Fresh off his comments on an OnStage interview, veteran dancehall artiste Beenie Man has seemingly contradicted himself by dissing 6ix deejay Daddy1 to make a point about the decline of Dancehall music.
Beenie Man on Saturday (May 2) told Onstage host Winford Williams that during the COVID-19 pandemic he didn’t believe artistes should be disparaging each other or warring but in an interview yesterday, May 6, Beenie lays into Daddy1.
The 46 year-old singer, who has been doing a media blitz to promote his new single Hands Up, decided to give a history lesson about the origins of Dancehall and explain why he believes the genre is not growing as much as it should be. He was interviewed by Frenz For Real Live Radio on their weekly Mek We Reason session.
Beenie starts his assault by labeling Daddy1 a rapper, even though the 21-year-old is generally considered a “Trap” Dancehall artiste. He uses Daddy1 to draw a point about how much Dancehall music has changed.
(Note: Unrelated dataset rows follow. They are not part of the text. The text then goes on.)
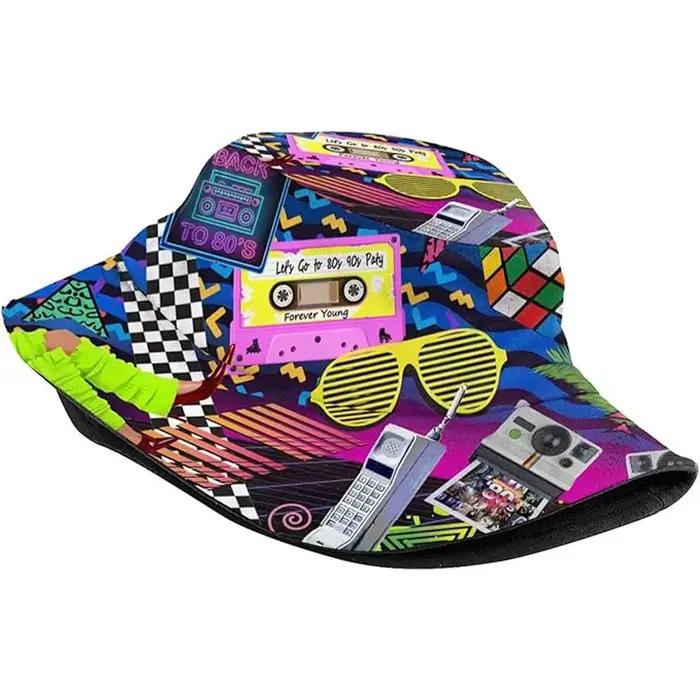 Chapeau bob rétro années 80 et 90, tenue de fête pour femmes et hommes
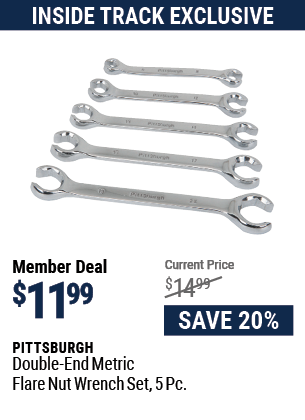 Double-End Metric Flare Nut Wrench Set, 5 Pc.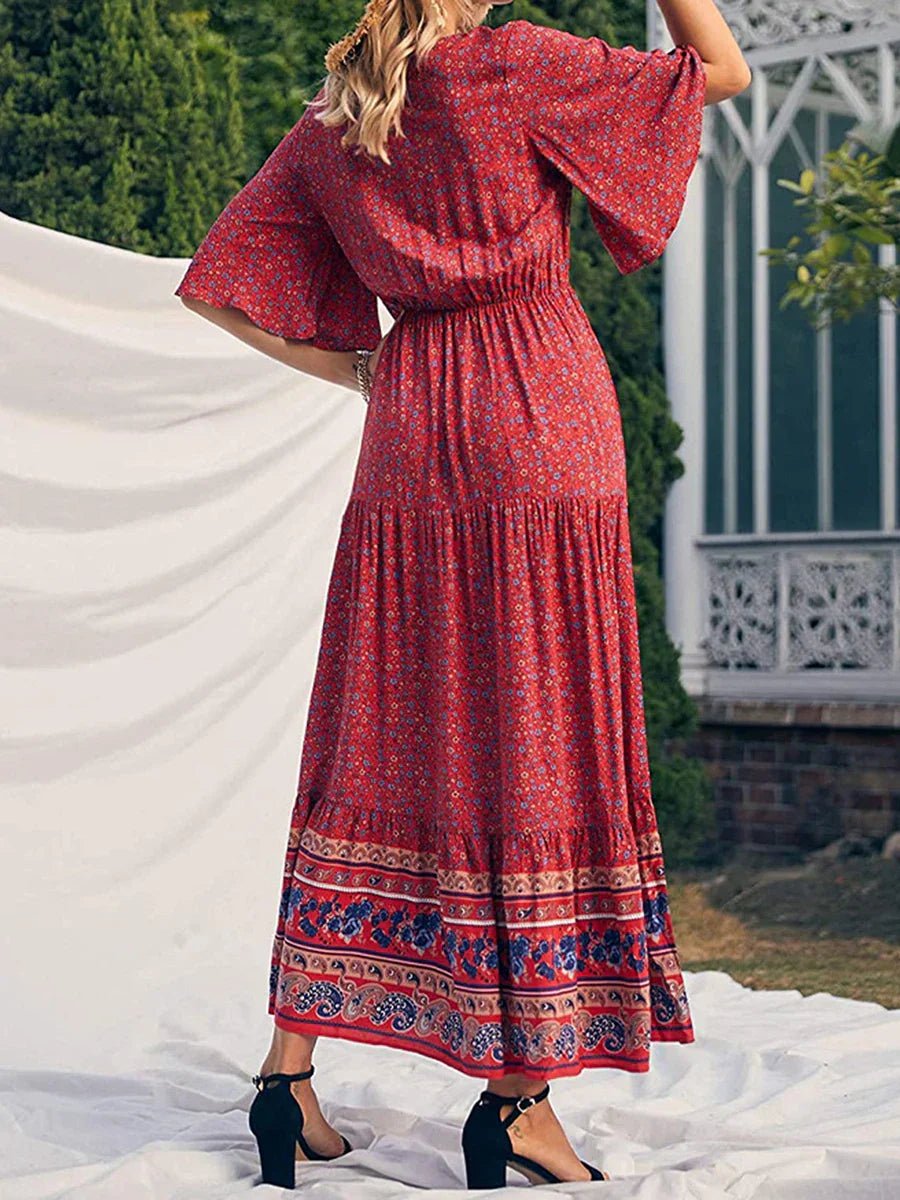 Rumi | Boho Summer Elegance Dress - Nora & Ivy Boutique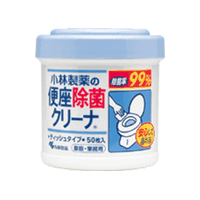 Rakuten - 小林製薬 便座除菌クリーナ 家庭・業務用 50枚入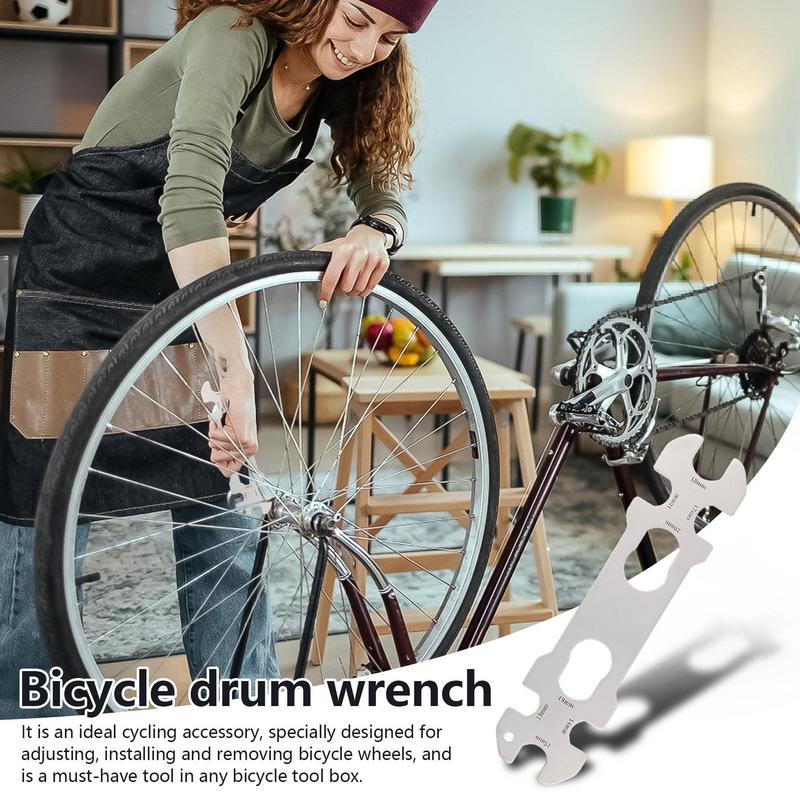 Cone Wrench Portable Multi Size Wheel Hub Tool Repair Tool Wheel Hub Nut Remover Cycle Repair Wrench Hub Wrench Cone Wrench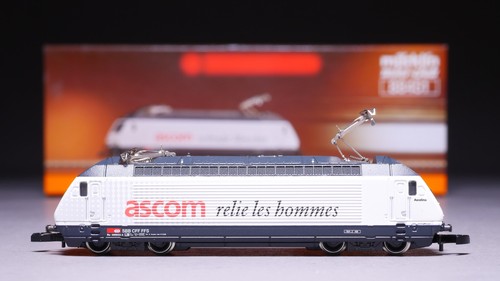 Spur Z Märklin 88451 E-Lok Re 460 SBB "ascom verbindet Menschen" in OVP #ZH_531 | Zustand: Gebraucht
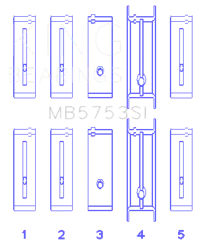 King Engine Bearings MB5753SI1.0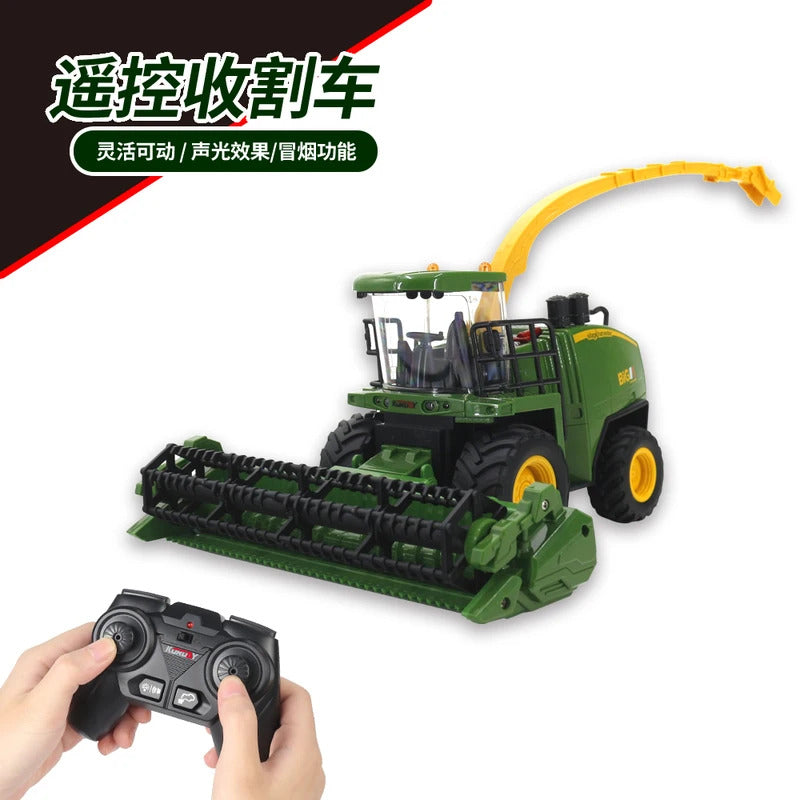 子供用トラックモデル RC ファーマー 1:24 小麦トウモロコシ収穫機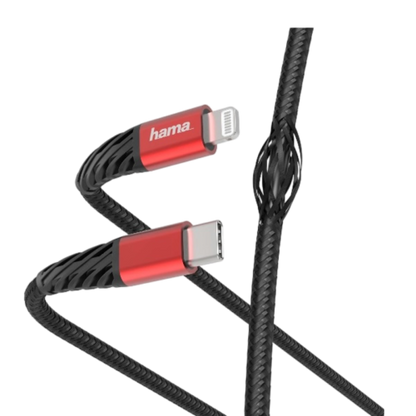 Hama Type-C to Type-C Charging-Data Cable 1.5 m - Black-Red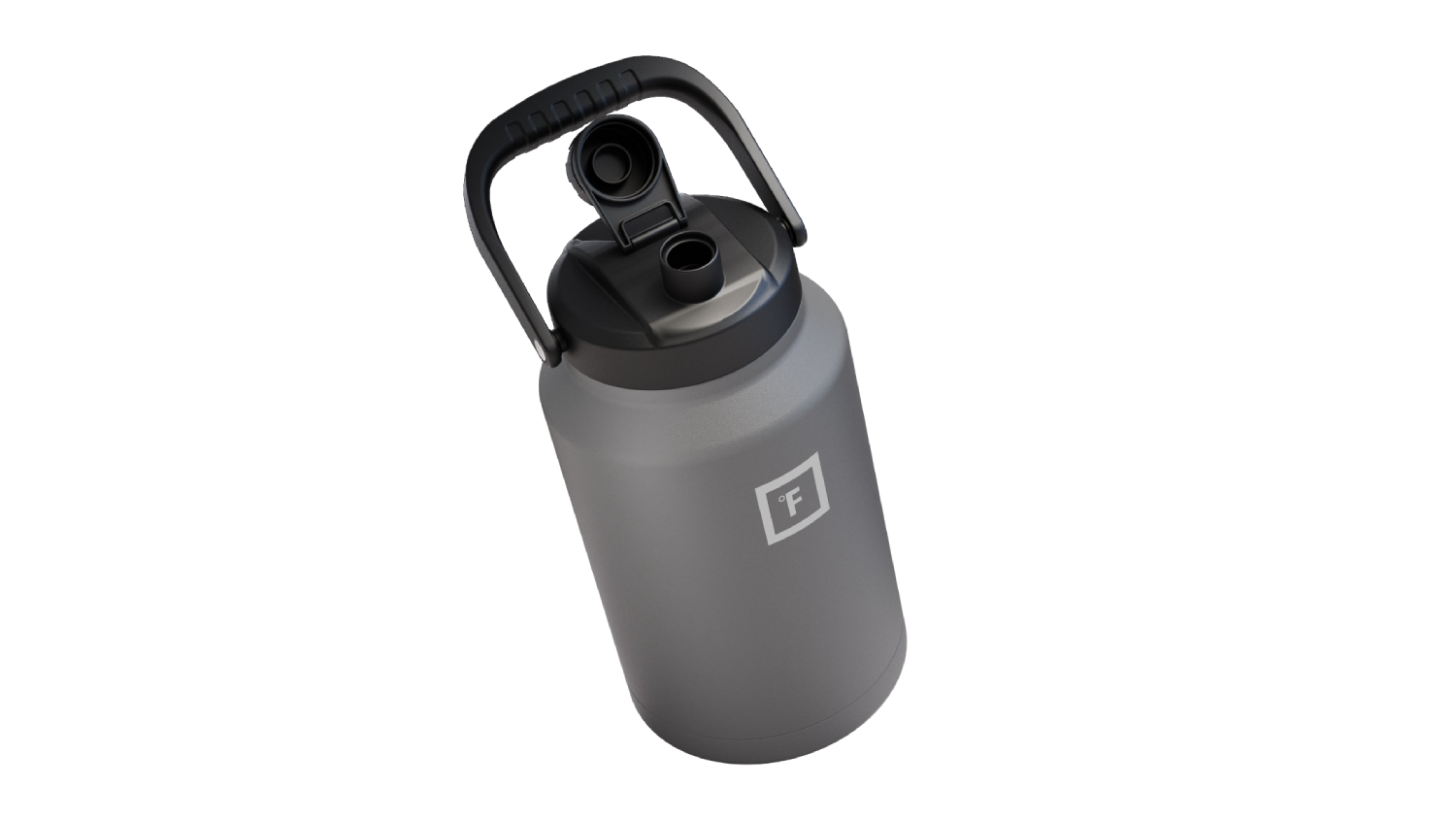 Iron Flask Stainless Steel VacuumInsulated Water Bottle with Spout Lid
It should be noted that Beenie’s distaste for this particular performer could be influenced by the fact that Daddy1’s Montego Bay-based 6ix clan disappointed Beenie at his Summa Sizzle show last year when they didn’t perform as scheduled, even though they were booked. The 6ix team members also include Chronic Law, Bobby 6ixx and their boss Squash.
Beenie spoke about sharing a stage with Daddy1 and claimed that most of the Dancehall artiste’s lyrics were difficult to understand because he believed they were too much like rap music. In the video, he makes fun of the lyrics by offering up his own garbled translation.
“No disrespect. If you ah do Dancehall you do Dancehall. If you a rapper you a rapper.” He added that type of blending of the genres is confusing and is causing a decline in Dancehall music.
“People ah say it all over the world you know, doh bother feel like we ah say it yuh know, cause if ah we alone nobody don’t know. Ah we, ah the people dem weh out in ah the world that love Dancehall music from 1957 until now. Ah dem ah bawl pun the music now. Not me,” he continued.
He also argued that even if producers in the genre are forcing artistes to go in a different direction for more airplay globally, true Dancehall performers should stick to their roots and believe that Dancehall can grow on its own. He said, “we supposed to be the stayers.”
He went on to say that there’s no new sound in Dancehall and that most of the beats have survived since 1985 and have been re-engineered, something he believes works to maintain the roots of Dancehall.
“Jamacian sound is that authenticity of drum and bass and likkle piano round dere so and likkle keyboard and ting and two piece ah guitar till it go to Dancehall drum and base and two likkle phrase.”
Beenie Man is not the only veteran to bemoan the direction of Dancehall in recent times as many call for the genre to stick to its roots, however others contend that for any art form to truly evolve it must incorporate elements of new influences without losing its true sense of direction, if it is to survive and grow on a world stage.